The conceptual and visual image of the Court Jews has been an important subject of academic discourse and art. Jewish historians have presented Court Jews as agents of change, precursors of emancipation, and thus as icons within Jewish history. At the same time, artists have contributed to the emergence of Court Jews as icons by presenting them as great men, clever merchants, powerful intercessors, benefactors, or as dignified and humble scholars. In the late nineteenth and early twentieth century, however, the visual and textual images of Court Jews became increasingly stamped with an antisemitic language. Court Jews were portrayed with distorted facial features typical of racial stereotypes to underscore their representation as greedy capitalists. In response to rising antisemitism, racialized Jewish identity, and gradual or partial emancipations, Jewish depictions of Court Jews became more differentiated.
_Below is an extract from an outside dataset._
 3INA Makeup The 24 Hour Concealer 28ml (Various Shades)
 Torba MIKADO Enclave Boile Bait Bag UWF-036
These images drew from a range of political discourses – from apologetics to critiques of faltering emancipation to critiques of capitalism. Visual images were part and parcel of these public and academic discussions.
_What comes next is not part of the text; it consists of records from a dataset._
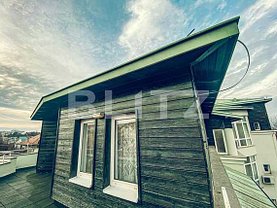 Casa de închiriat 4 camere, în Cluj-Napoca, zona Zorilor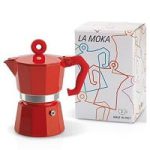 Moka Alison Da 3 Rossa Con Scatola High 1.jpg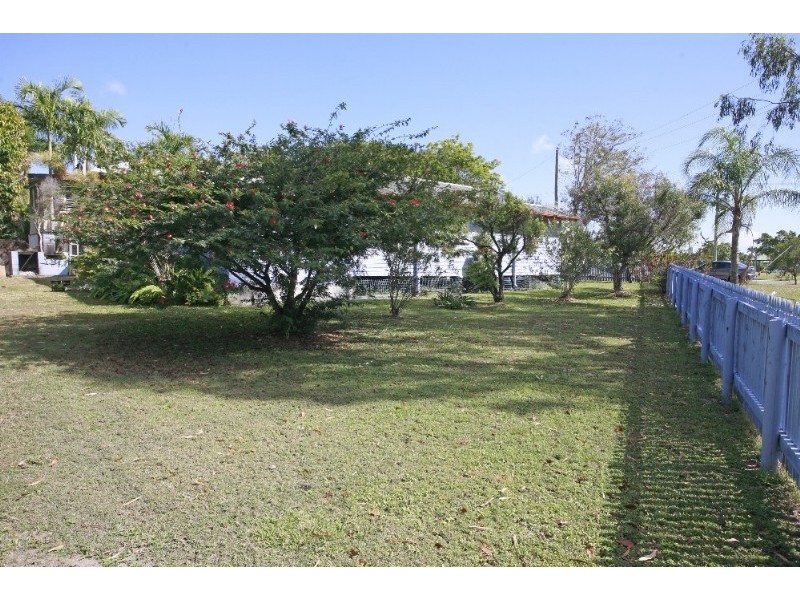 148 Bayswater Road, Currajong QLD 4812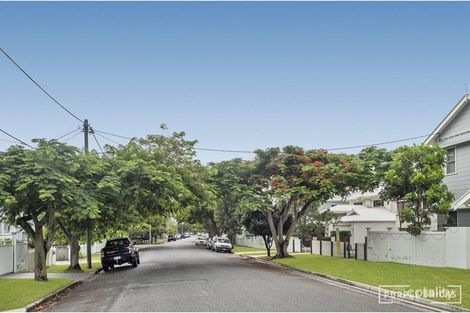 Property photo of 120 Mein Street Hendra QLD 4011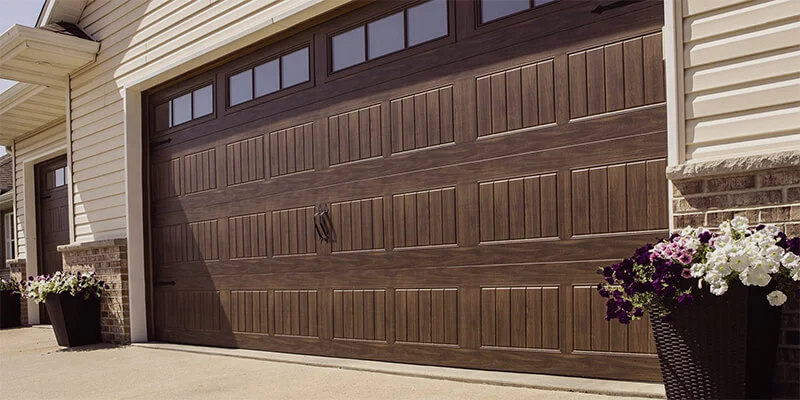 how-to-keep-garage-cool-in-summer-Infinity-Garage-Door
This panel discusses transformations in the conceptual and visual images of the Court Jew in Jewish history and art from the seventeenth to the twentieth centuries. Recently, Richard Cohen and Vivian Mann have drawn our attention to the methodological need of thinking through the “Jewish art in history” and the “Jewish history in art.” This panel, therefore, focuses on the interplay of textual and visual images in the “iconization” of early modern Court Jews from three angles: The first paper (Aust) examines seventeenth- and eighteenth-century critiques of Court Jews’ dress and appearance and considers how the contemporary critique influenced their image in Jewish history. The second paper (Thulin) explores eighteenth and nineteenth-century images of Jew Samson Wertheimer to show how Jewish history and art made him an icon of the early modern era. The third paper (Mell) situates twentieth-century histories of Court Jews in contemporary cinematic and literary discourses to show how the modern icon of the Court Jew was fashioned (and contested) in the troubled waters of the emancipations of European Jewry and European women.